## Collected material:
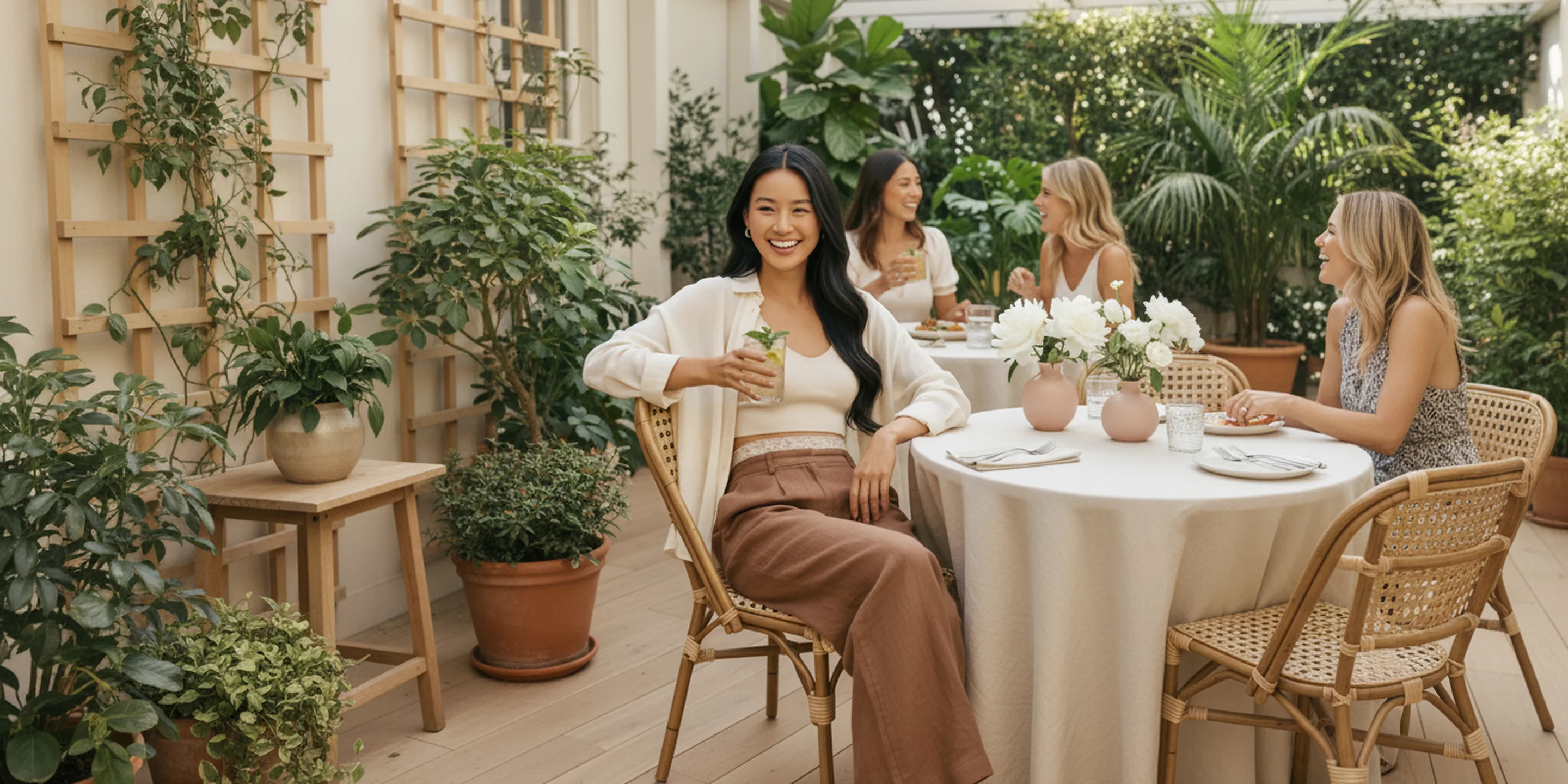 SIIL Wrap MIA Cream — Kim con amigas en el jardín, ostomizada real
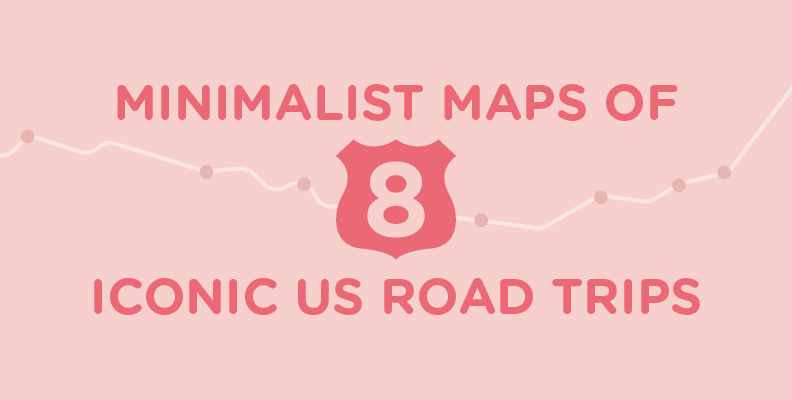 Minimalist Maps of 8 Iconic US Road Trips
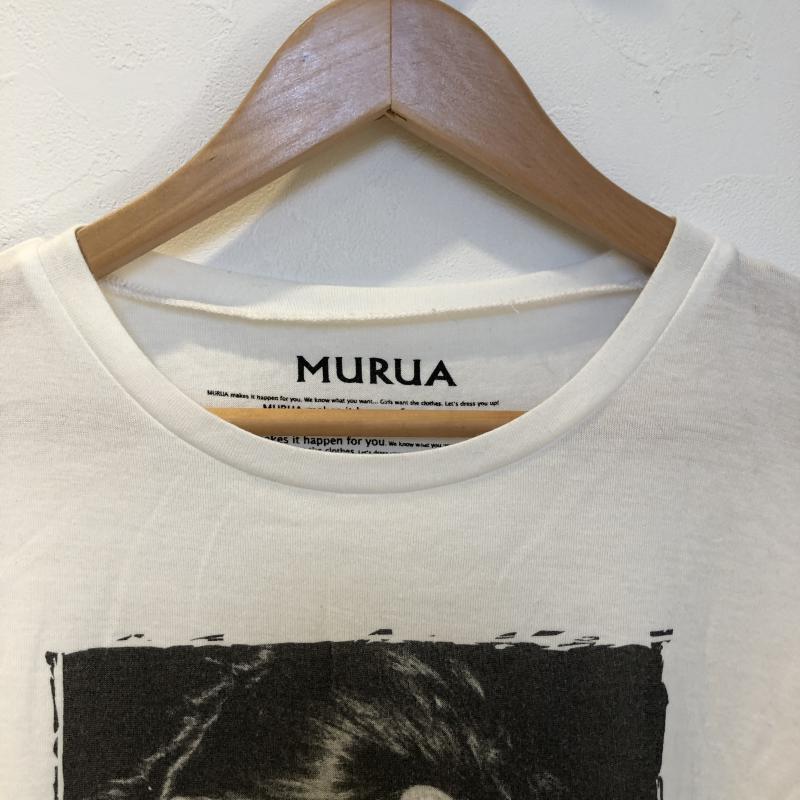 ムルーア MURUA カットソー 半袖 FREE 無地 X プリント 白 / ホワイト / X 黒 / ブラック / レディース USED 古着 中古 10012384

## Problem description:
A verbatim copy of the listing, with all pictures removed, is required.

## Exercise result:
 SIIL Wrap MIA Cream — Kim con amigas en el jardín, ostomizada real
 Minimalist Maps of 8 Iconic US Road Trips
 ムルーア MURUA カットソー 半袖 FREE 無地 X プリント 白 / ホワイト / X 黒 / ブラック / レディース USED 古着 中古 10012384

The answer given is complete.